By Martin Gibson

Here is the link to join the Sunday and Wednesday services of Holy Communion (10:00am):

ttps://us02web.zoom.us/j/4847949535?pwd=K0ZTK2h6QjRHTk8rbWZBdlh6cDQ2QT09

Meeting id: 484 794 9535 Passcode: 700999

The ALPHA course is held on Monday evenings, starting at 8.30pm. The link immediately above here is the one to use for anyone wishing to join.

The PCC met yesterday. Among matters discussed were the Church Tower restoration and activities during Lent. The cost of the repairs to the tower have risen by around £12,000 since last year. The PCC agreed to continue funding the shortfall, as a loan. Contracts between St Mary’s and the contractors, Centreline, should be signed next week.
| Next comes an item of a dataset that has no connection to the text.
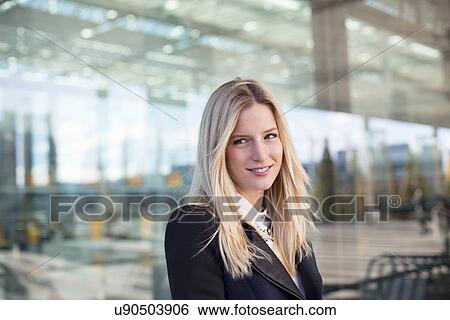 Stock Photograph - Portrait of business woman at airport. Fotosearch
Regarding Lent (which is Wednesday 17th February to Saturday 3rd April) Sue Farr showed a booklet of prayer and meditation, called LIVE LENT, the cost of which has been covered by a generous donation from a parishioner. It is available from Sue Farr – just ring.

The PCC also agreed to support the local charity 125. This Bristol based charity helps women suffering from drug and domestic abuse as well as primarily helping sex workers, many of whom are abused in different ways.

The PCC decided to work towards re-opening St Mary’s on Wednesday 10th March. This will depend very much on Government advice at that time. If, however, we can re-open, the policy of a Wednesday and Sunday Holy Communion as before will be followed.

Janet McBride was officially co-opted onto the PCC.

There are plans afoot to revamp the website. The proposal is that when anyone searches for St Mary’s or St Helen’s etc, a new page will instantly pop up. This will be the united Severnside North website. From there, all one will need to do, is to click on whichever church in the benefice you require.

Films during Lent. The Monday Movie team, together with Michael Kirby, is planning to show (online, of course) appropriate films for Lent. More details nearer the time.

Today is the Saint’s Day of Phileas of Thmuis, a 4th century Egyptian Christian and Bishop. His epistle was originally printed in 1885, the ten-volume set, Ante-Nicene Fathers, brings together the work of early Christian thinkers. In particular, it brings together the writings of the early Church fathers prior to the fourth century Nicene Creed. These volumes are noteworthy for their inclusion of entire texts, and not simply fragments or excerpts from these great writings. The translations are fairly literal, providing both readers and scholars with a good approximation of the originals. This volume harmonizes various fragmentary material. It contains the work of different authors: St. Gregory Thaumaturgus, Pope Dionysius of Alexandria, Sextus Julius Africanus, St. Anatolius, Pope Peter of Alexandria, and others. These writings were heavily influential on the early Church, and for good reason, as they are inspirational and encouraging. These volumes also come with many useful notes, providing the reader with new levels of understanding. Overall, Ante-Nicene Fathers, or any part of it, is a welcome addition to one’s reading list. Not a lot of people know that!

The South Glos Council consultation regarding the possibility of extending the footpath on Old Down Hill closer towards Pool Corner, opened officially on the 1st February. Anyone wishing to make a representation should go to the Council’s website for details. The process ends on 21st February. The Parish Council is providing input on behalf of the parish.

And, of course:

The Vicar had stepped in at short notice to take the funeral. At the point where the eulogy comes around he said “I didn’t personally know the deceased. Does anyone here want to say a few words?”

After a short and awkward silence, a voice at the back said “His brother was much worse.”